* _WHAT THE EXERCISE ASKS_: Start to finish, print the entries exactly, and carry none of the pictures over.

SUPPLIED DATA below:

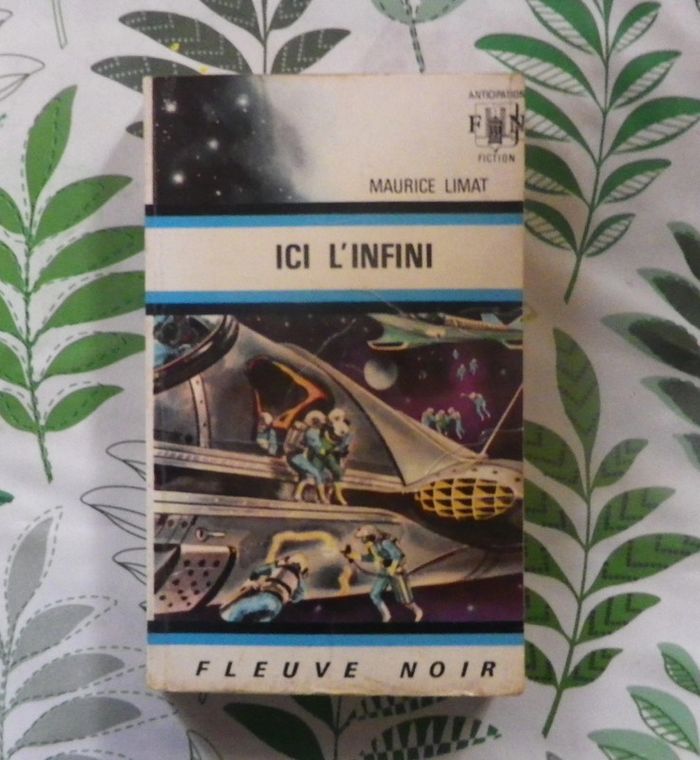 Ici l'infini de Maurice Limat Ed. Fleuve Noir Anticipation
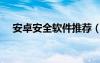 安卓安全軟件推薦（安卓安全軟件對(duì)比）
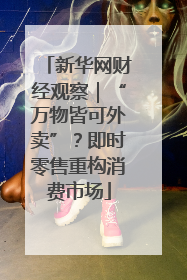 新华网财经观察｜“万物皆可外卖”？即时零售重构消费市场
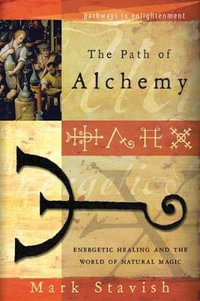 Path Of Alchemy : Energetic Healing and the World of Natural Alchemy - Mark Stavish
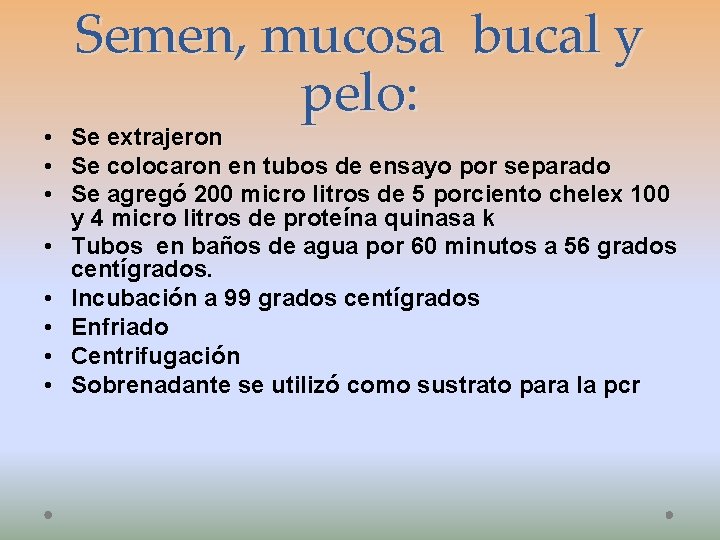 Semen, mucosa bucal y pelo: • Se extrajeron • Se colocaron en tubos de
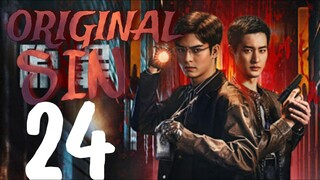 🇨🇳EPISODE 24 | Original Sin ♡ 2024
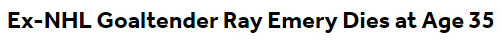 Ex-NHL Goaltender Ray Emery Dies at Age 35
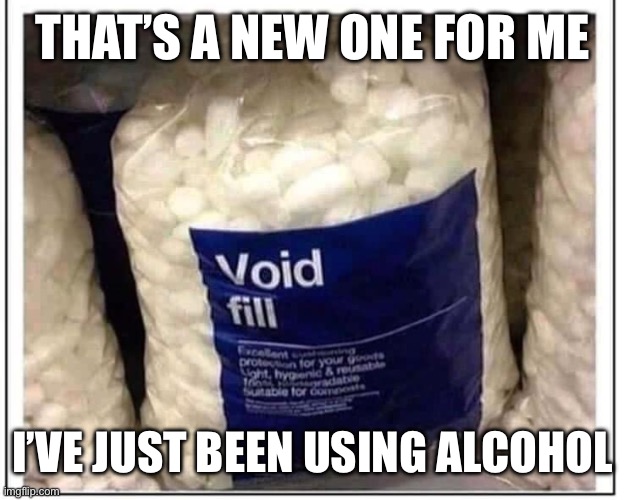 Void fill | THAT’S A NEW ONE FOR ME; I’VE JUST BEEN USING ALCOHOL | image tagged in fill,void,alcohol | made w/ Imgflip meme maker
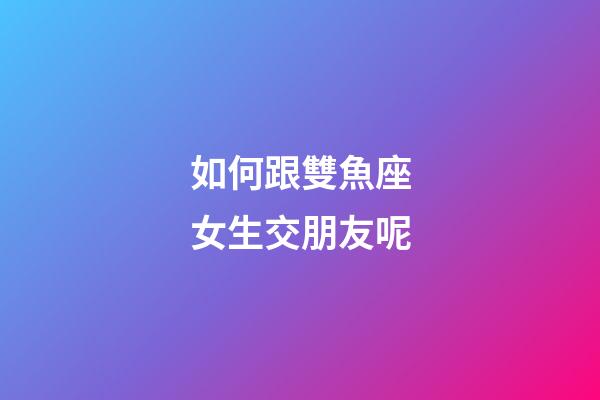 如何跟雙魚座女生交朋友呢-第1張-星座運勢-玄機派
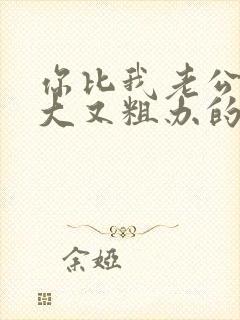 你比我老公的又大又粗办的还舒坦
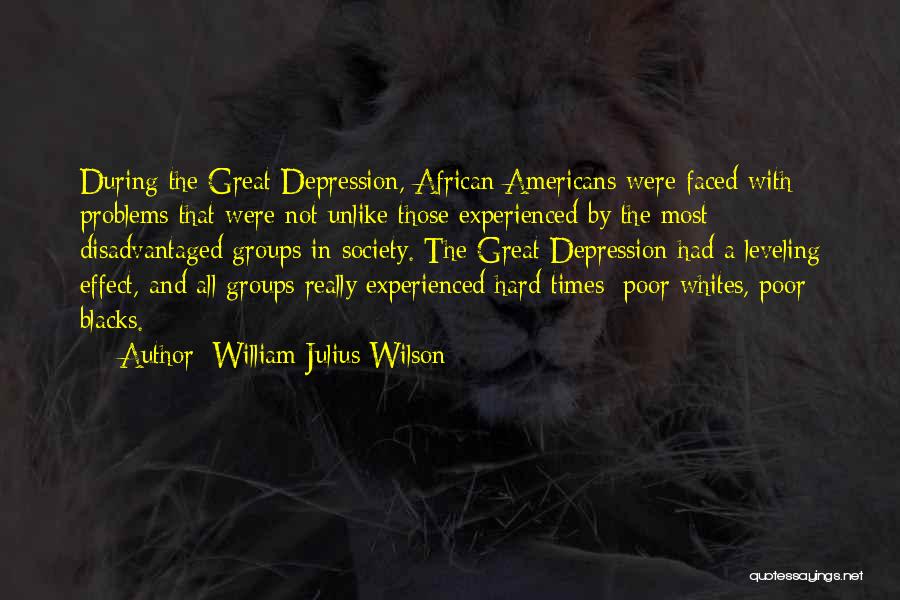 William Julius Wilson Quotes: During The Great Depression, African Americans Were Faced With Problems That Were Not Unlike Those Experienced By The Most Disadvantaged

End of SUPPLIED DATA.

* _THE COMPLETED TASK_:
 Ici l'infini de Maurice Limat Ed. Fleuve Noir Anticipation
 安卓安全軟件推薦（安卓安全軟件對(duì)比）
 新华网财经观察｜“万物皆可外卖”？即时零售重构消费市场
 Path Of Alchemy : Energetic Healing and the World of Natural Alchemy - Mark Stavish
 Semen, mucosa bucal y pelo: • Se extrajeron • Se colocaron en tubos de
 🇨🇳EPISODE 24 | Original Sin ♡ 2024
 Ex-NHL Goaltender Ray Emery Dies at Age 35
 Void fill | THAT’S A NEW ONE FOR ME; I’VE JUST BEEN USING ALCOHOL | image tagged in fill,void,alcohol | made w/ Imgflip meme maker
 如何跟雙魚座女生交朋友呢-第1張-星座運勢-玄機派
 你比我老公的又大又粗办的还舒坦
 William Julius Wilson Quotes: During The Great Depression, African Americans Were Faced With Problems That Were Not Unlike Those Experienced By The Most Disadvantaged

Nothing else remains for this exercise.